Sob a batuta de Arthur Lira, no final do ano passado a Câmara levou somente 16 dias para aprovar a reforma do Código Eleitoral, apesar da polêmica em torno do texto de 898 artigos, que unifica leis e impõe novas regras ao jogo, como a censura a pesquisas e o esvaziamento dos poderes do Tribunal Superior Eleitoral, submetendo as resoluções da Corte ao crivo do Congresso. A matéria, desde então, está paralisada no Senado. Nas últimas semanas, uma ala de parlamentares, formada sobretudo por nomes ligados ao Palácio do Planalto, assumiu uma articulação para repetir a votação a toque de caixa protagonizada por deputados e chancelar a matéria antes das convenções partidárias, que começam em julho, e da campanha eleitoral. A investida, no entanto, tende a naufragar, segundo membros dos partidos com maior representação no Senado.

O assunto voltou à baila em meados de maio, quando o relator do projeto, Alexandre Silveira (PSD-MG), aventou a lideranças que estava próximo de concluir o parecer sobre o texto. Congressistas governistas, então, viram o caminho aberto para o início da deliberação. O pessedista, que chegou a ser convidado por Bolsonaro para assumir a liderança do governo no Senado, mas não topou por pressão do partido, herdou a relatoria da matéria em fevereiro, dois meses após Antonio Anastasia ser eleito para o cargo de ministro do Tribunal de Contas da União (TCU).

POSTERGAÇÃO O presidente do TSE, Edson Fachin, quer que o novo código eleitoral não valha para este ano (Crédito:Divulgação)
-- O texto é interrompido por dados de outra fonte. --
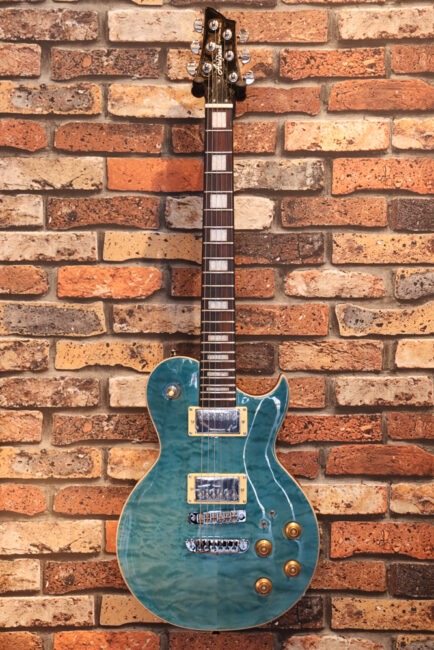 取り回しやすいコンパクトなレスポールシェイプのPE！スイッチでシングルコイルになります。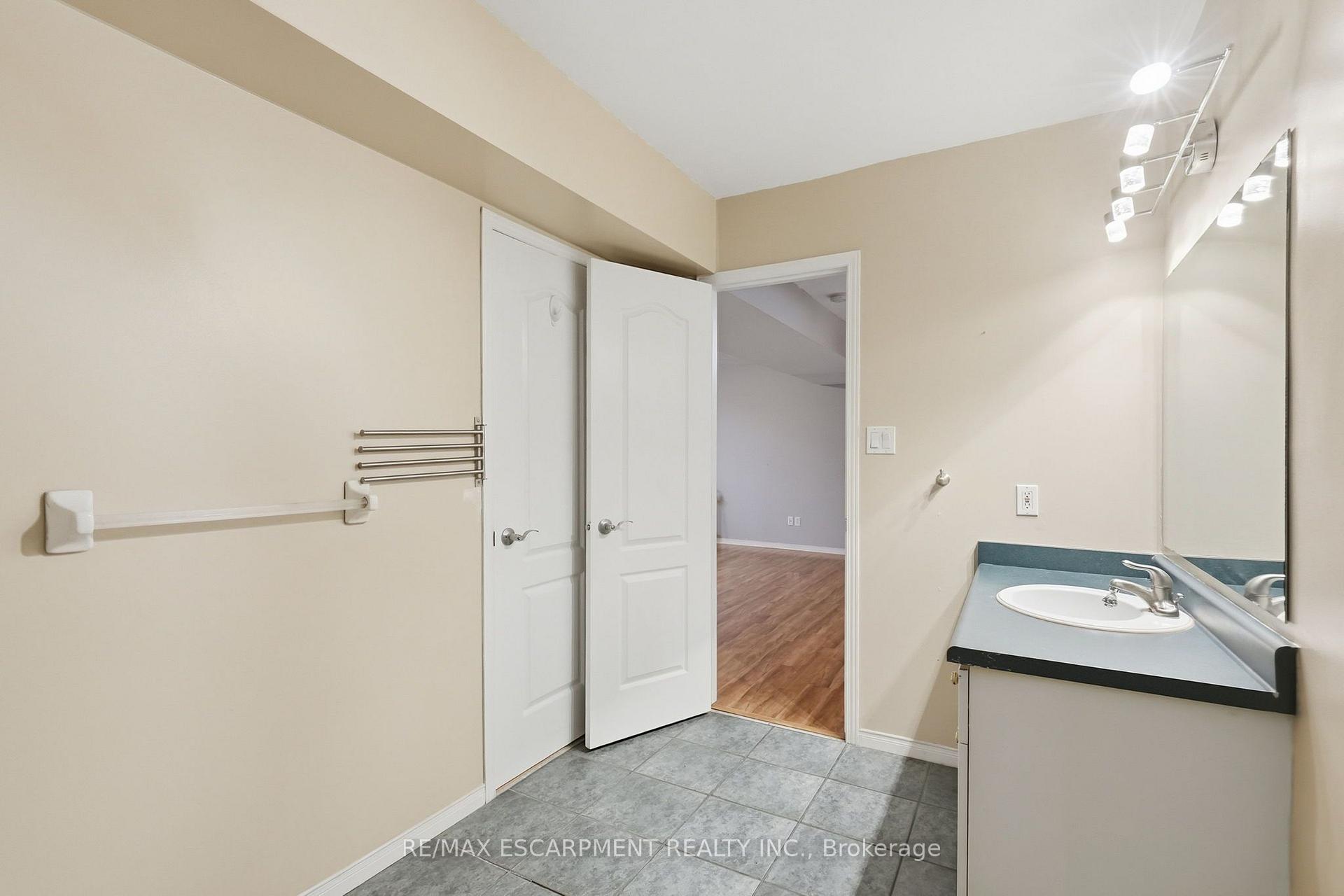 Photo 32 of 102 Cove Crescent, Hamilton, Stoney Creek — HOMEH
Procurado, Silveira não quis dar detalhes a respeito do relatório sobre o qual trabalha há quatro meses. Segundo pessoas próximas, ele não tem pressa em apresentá-lo, apesar das conversas de bastidores com colegas, e pretende fazer uma série de modificações no material recebido. A versão chancelada pela Câmara preocupa organizações da sociedade civil ligadas à transparência e ao direito à informação, que cobram a realização de audiências públicas antes da votação. As entidades apontam riscos, já que a matéria que chegou ao Senado afrouxa, por exemplo, a fiscalização das contas de partidos e candidatos ao permitir que a análise de receitas e despesas seja feita em auditorias particulares, as quais, posteriormente, serão entregues à Justiça Eleitoral, além de limitar multas.
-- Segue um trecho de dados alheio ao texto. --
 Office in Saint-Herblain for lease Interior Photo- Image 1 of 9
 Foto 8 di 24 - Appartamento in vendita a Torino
“Da forma como está, o texto do novo Código Eleitoral pode levantar incerteza jurídica quanto à extensão de sua imediata eficácia” Edson Fachin, presidente do TSE” Edson Fachin, presidente do TSE

Muitas das regras, mesmo se avalizadas neste ano, não valeriam para a disputa de outubro devido ao princípio constitucional da anualidade, que impede mudanças na lei eleitoral a menos de um ano do pleito. Mas, na avaliação da maioria dos parlamentares, há brechas para que pontos sensíveis entrem em vigor imediatamente. É o caso dos artigos que obrigam institutos a informarem o percentual de acertos de pesquisas nos últimos cinco anos e proíbem a divulgação das intenções de votos na véspera e no dia do pleito. Esse ponto, em específico, serviria de munição para a claque de Bolsonaro, que costuma levantar dúvidas sobre os dados.
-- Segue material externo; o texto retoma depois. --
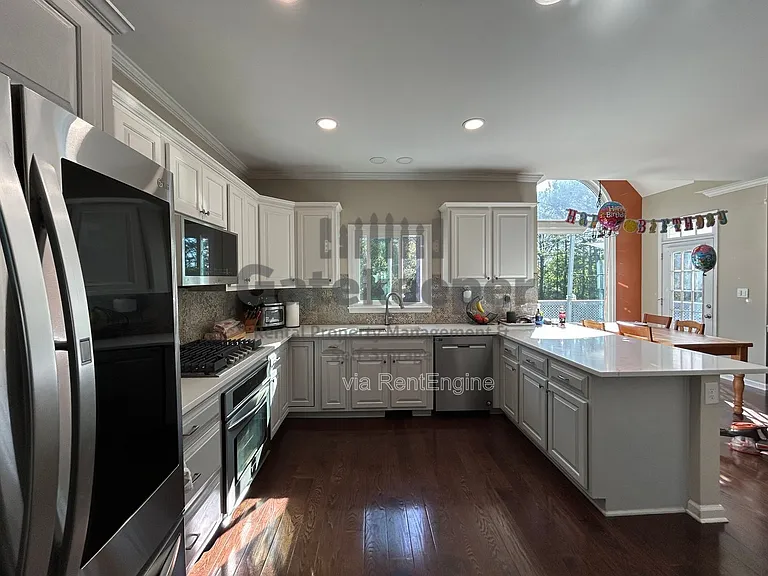 115 Hidden Lake Dr — Photo 7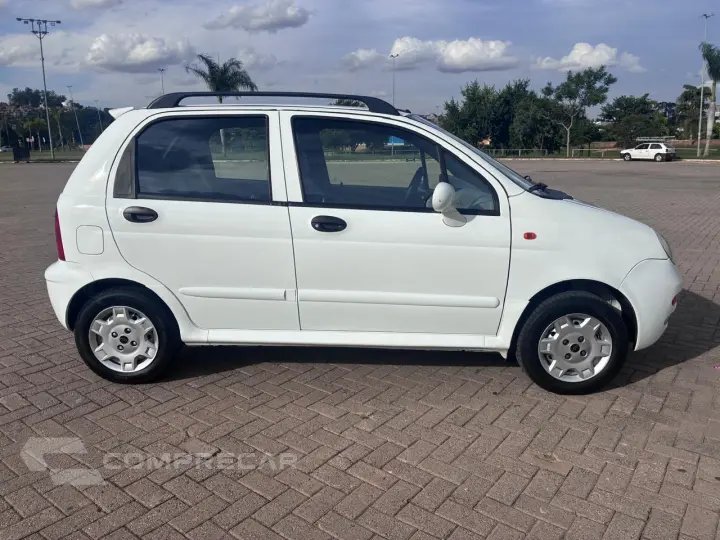 QQ 1.1 MPFI 16V
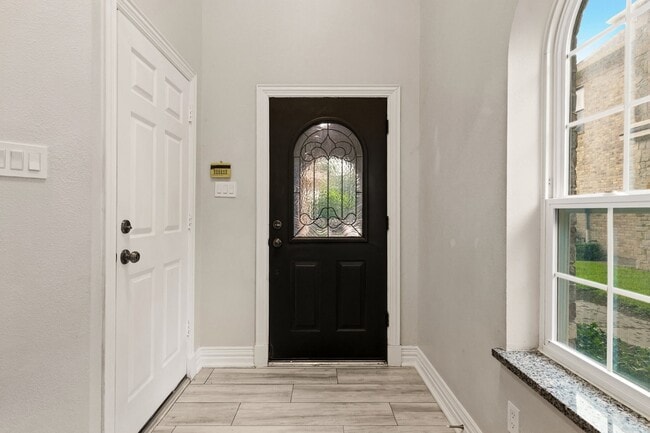 Photo - 10 Stonebriar Ct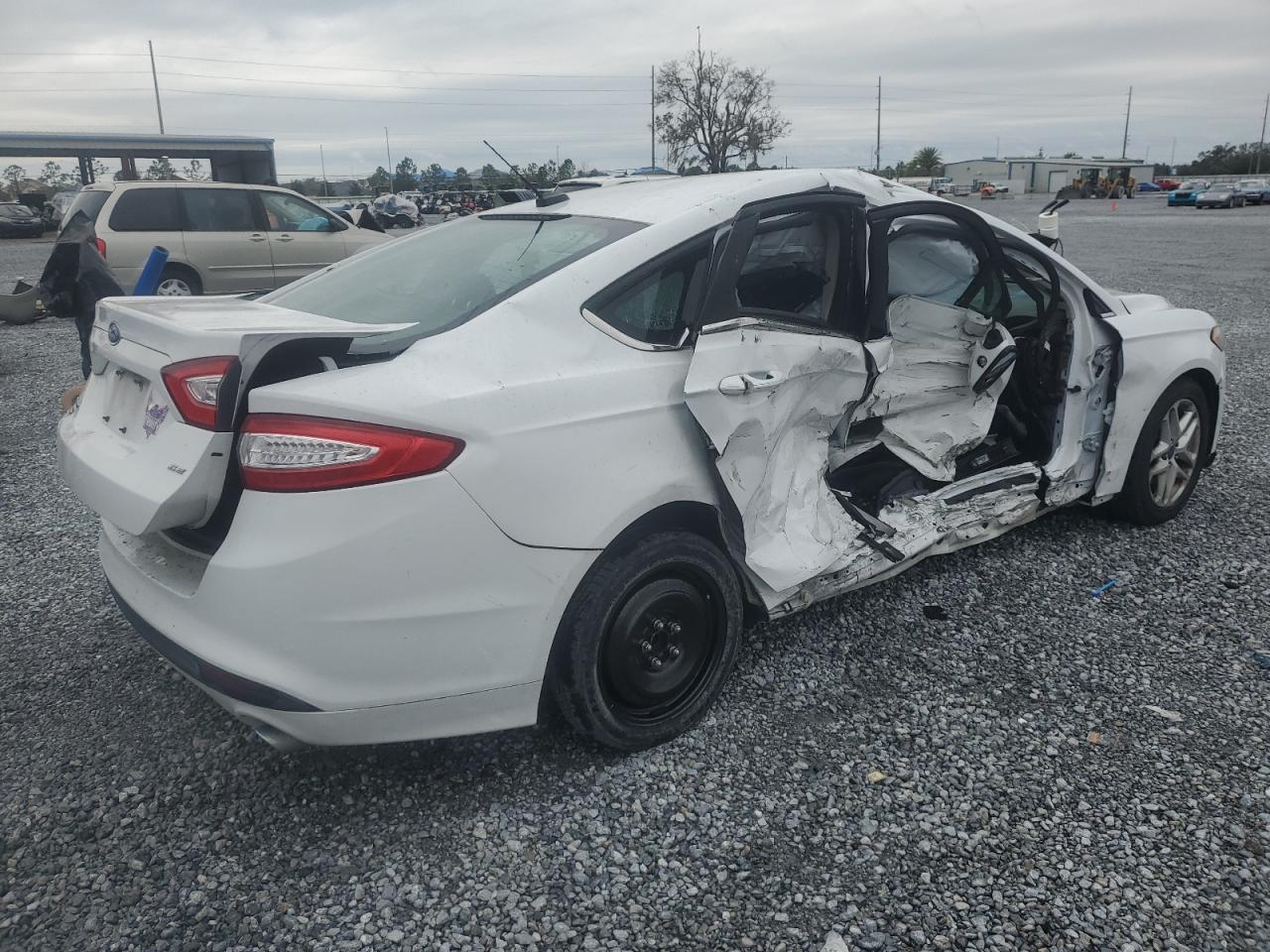 2014 Ford Fusion - Image 3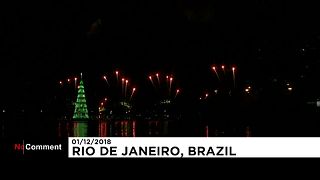 Rio de Janeiro liga árvore de Natal flutuante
O presidente do TSE, Edson Fachin, reagiu de forma instantânea à investida e, em ofício a Rodrigo Pacheco, pediu que, ao menos, seja especificado no novo código que as regras passariam a valer apenas a partir de 2023. O ministro anotou que, da forma como está, o texto pode levantar “incerteza jurídica quanto à extensão de sua imediata eficácia”. “A Justiça Eleitoral afirma, incansavelmente, que o conhecimento prévio das regras do jogo eleitoral, e a manutenção desse regramento durante todo o processo, é uma garantia a todos os atores políticos e a toda a sociedade brasileira”, escreveu. A publicização dos movimentos, dizem congressistas, jogou um balde de água fria sobre as negociações.

Falta de consenso

Fachin e Silveira não chegaram a ter uma conversa para falar sobre o projeto. O texto, desde que começou a tramitar no Congresso, foi discutido somente em reuniões entre a Secretaria-Geral do TSE e outros membros do parlamento. Na terça-feira, 31, Pacheco chegou a afirmar que o Senado precisa se debruçar sobre o tema, mas não falou em datas, frisando, inclusive, que a matéria está na Comissão de Constituição e Justiça e a inclusão na pauta cabe ao presidente do colegiado, Davi Alcolumbre.

A bancada do PT, que conta com sete congressistas, planeja discutir o posicionamento a ser adotado na próxima terça-feira, 7, mas nomes do grupo antecipam que, pelas percepções individuais, o partido não tende a se engajar no apoio à mudança das regras já neste mês. “Estamos, basicamente, no início do processo eleitoral. Todos estão em pré-campanha. Mexer nas regras do jogo em andamento é complicado”, diz Paulo Paim, que integra, ainda, a CCJ.

Sendo ou não votada neste ano, a reforma do Código Eleitoral precisa tramitar sob os olhos atentos da população e à exaustão do diálogo público ou resultará na redução da transparência sobre gastos custeados com verba do contribuinte, colocará o TSE de joelhos perante o Congresso e reduzirá a munição da sociedade para a escolha do voto. Nada mais antidemocrático, e antiético, do que isso.